Frequently Asked Questions
Which One Is Correct Okro or Okra?
Both are correct and interchangeable. They are different spellings for the same Lady’s Finger vegetable plant. Although Okro is more widely used in Nigeria and some West African countries.
How to Store Okro?
Okro should be stored in a paper bag or a perforated plastic bag in the refrigerator. It should only be washed once it is ready to use. It should be used within 3 to 4 days.
What Are the Benefits of Drinking Okro Water?
Okro water is a drink made by soaking Okro in water overnight or for several hours. It is said to have many health benefits, such as detoxifying the body, boosting metabolism, hydrating the skin, and enhancing sexual performance. However, there is not enough scientific evidence to support these claims. Okro water may also have some side effects, such as stomach upset, diarrhoea, or kidney stones. Therefore, it is advisable to consult a doctor before drinking okro water.
Is Okro Keto-Friendly?
Okro is a great vegetable choice for those following a keto diet. It has a low carb content and is high in fiber. A cup (100 grams) of raw okro contains 7 grams of carbs and 3 grams of fiber. This means that the net carbs in okro are only 4 grams per cup.
Net carbs are the total carbs minus the fiber. If you’re following a keto diet, it’s recommended to consume 20 to 50 grams of net carbs per day. Therefore, incorporating okro into your keto diet is a great way to stay within your carb limit.
Is Okra Water Good for the Kidneys?
Yes, Okro is a nutritious food for people with kidney disease due to its high levels of antioxidants, fiber, and vitamins.
Okra is a nutritious and tasty vegetable that offers numerous health benefits. These include weight loss, reduction of cholesterol levels, control of blood sugar, improvement of digestion, support during pregnancy, healthy hair and skin, and development of the baby.
However, some people may experience side effects such as stomach problems, joint pain, kidney stones, interference with diabetes medication, blood clotting issues, and allergic reactions.
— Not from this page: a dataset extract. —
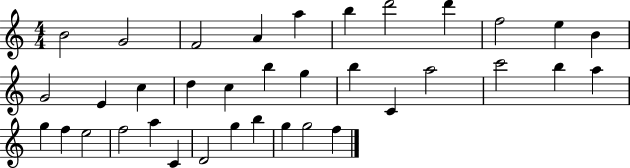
B4/h G4/h F4/h A4/q A5/q B5/q D6/h D6/q F5/h E5/q B4/q G4/h E4/q C5/q D5/q C5/q B5/q G5/q B5/q C4/q A5/h C6/h B5/q A5/q G5/q F5/q E5/h F5/h A5/q C4/q D4/h G5/q B5/q G5/q G5/h F5/q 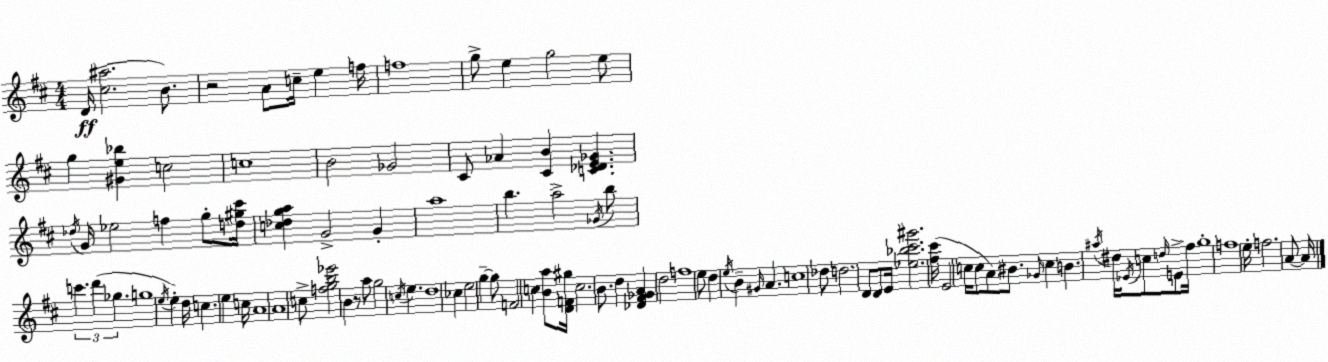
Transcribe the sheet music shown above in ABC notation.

To avoid or reduce these side effects, it is recommended to consume okra in moderation, drink plenty of water, chew it well, monitor blood levels, adjust medication dosage, and avoid allergens.
Okra is a versatile vegetable that can be eaten raw or cooked. It can also be used as a natural beauty product for the skin and hair. Adding okra to your diet can greatly enhance your overall health and well-being.